- **Task details**:
Could you set down only the lines from the one including "Design Happy Mother's" to the end of the records below, inclusive and exact, leaving pictures out?

- **Exercise input**:

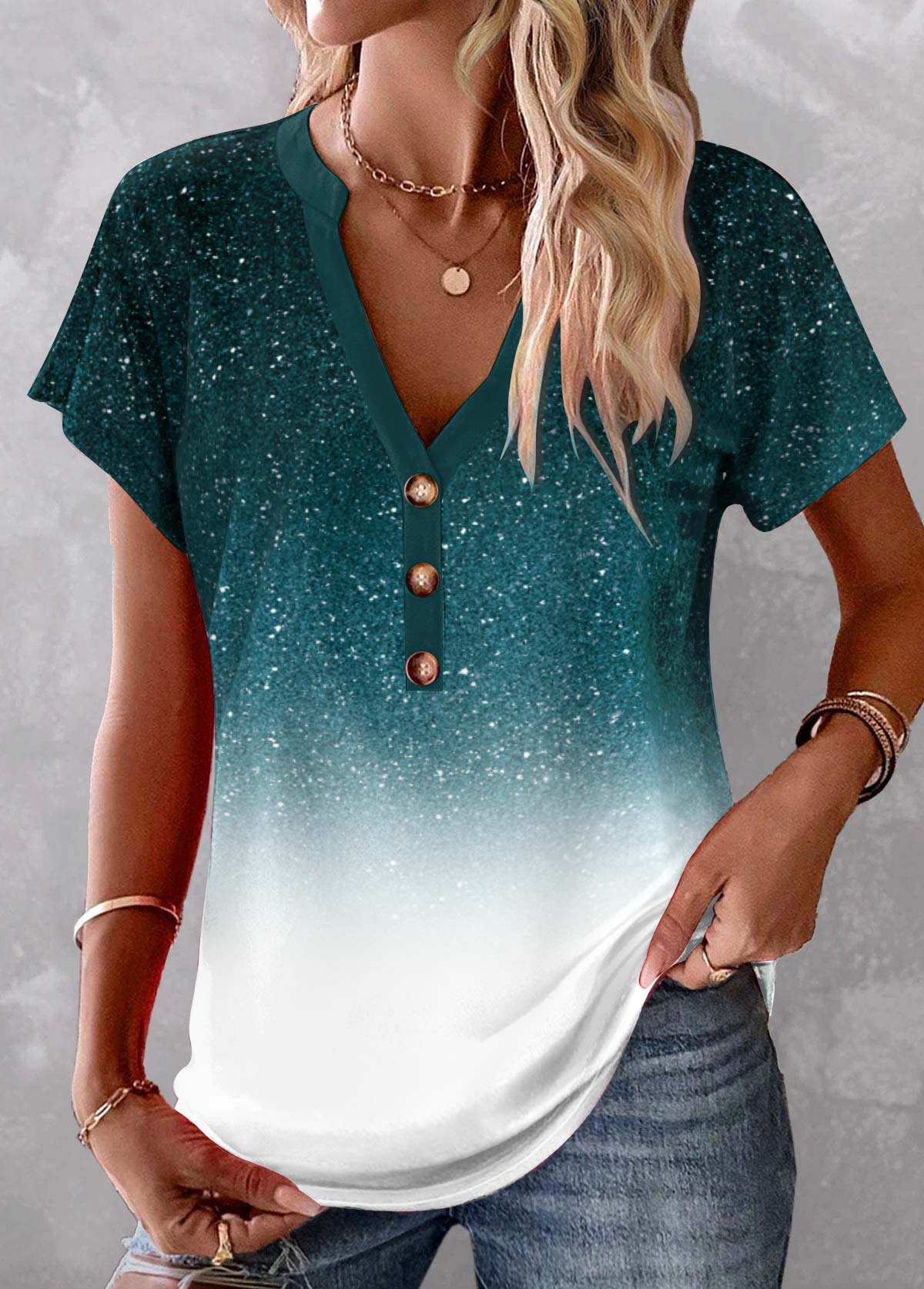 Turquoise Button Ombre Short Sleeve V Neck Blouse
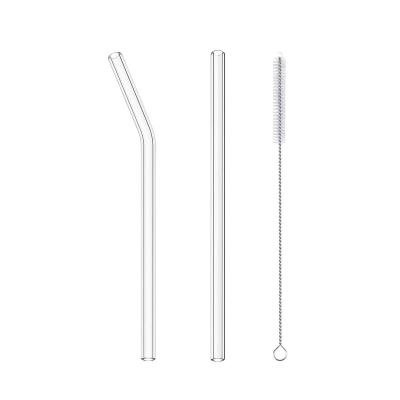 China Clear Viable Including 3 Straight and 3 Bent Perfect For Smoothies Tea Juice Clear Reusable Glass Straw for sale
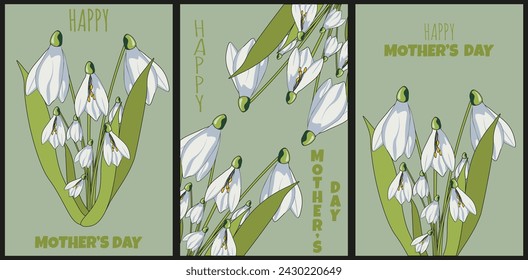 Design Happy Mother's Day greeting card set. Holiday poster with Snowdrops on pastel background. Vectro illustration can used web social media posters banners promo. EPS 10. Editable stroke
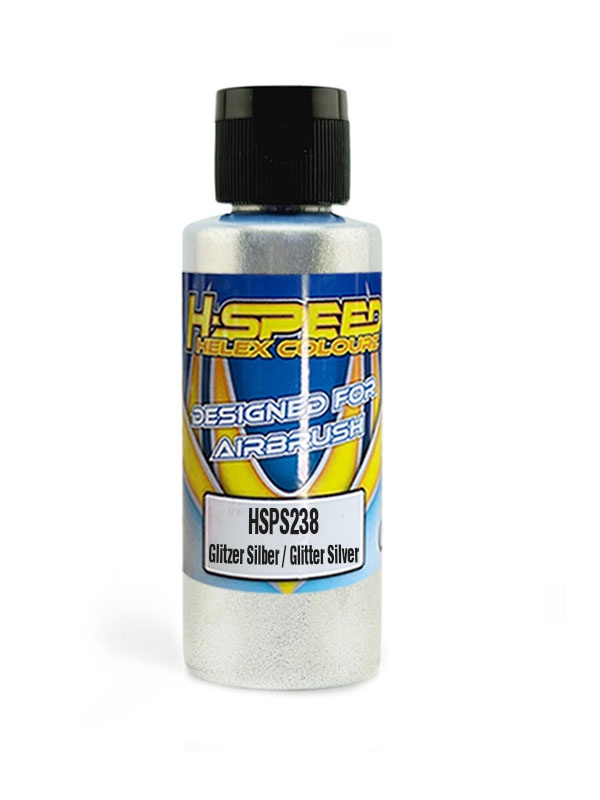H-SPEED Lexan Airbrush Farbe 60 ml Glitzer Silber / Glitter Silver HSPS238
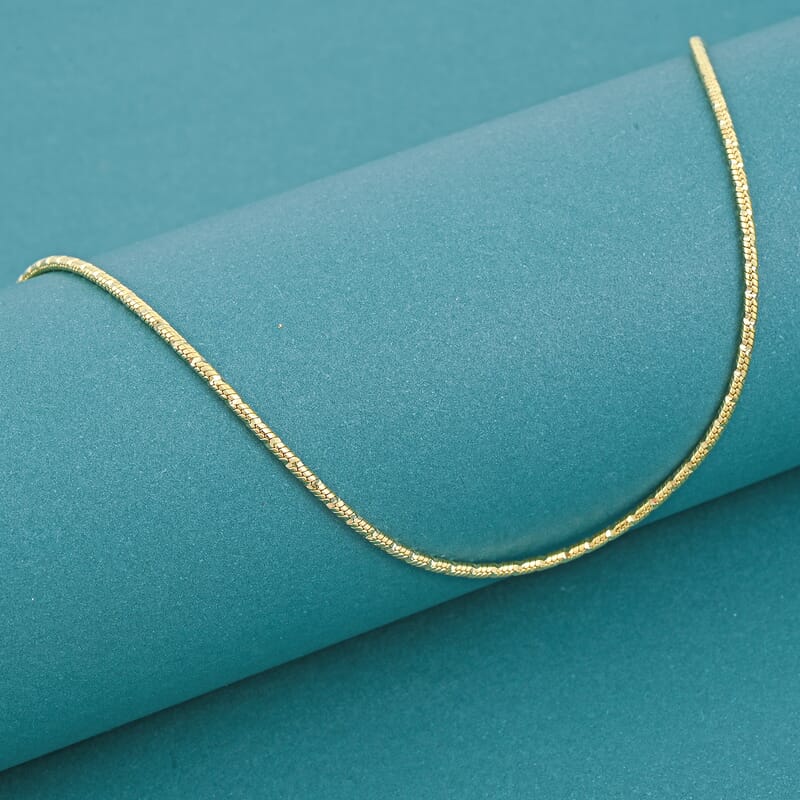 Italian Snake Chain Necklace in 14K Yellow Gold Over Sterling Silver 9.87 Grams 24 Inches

- **Solution to this problem**:
 Design Happy Mother's Day greeting card set. Holiday poster with Snowdrops on pastel background. Vectro illustration can used web social media posters banners promo. EPS 10. Editable stroke
H-SPEED Lexan Airbrush Farbe 60 ml Glitzer Silber / Glitter Silver HSPS238
 Italian Snake Chain Necklace in 14K Yellow Gold Over Sterling Silver 9.87 Grams 24 Inches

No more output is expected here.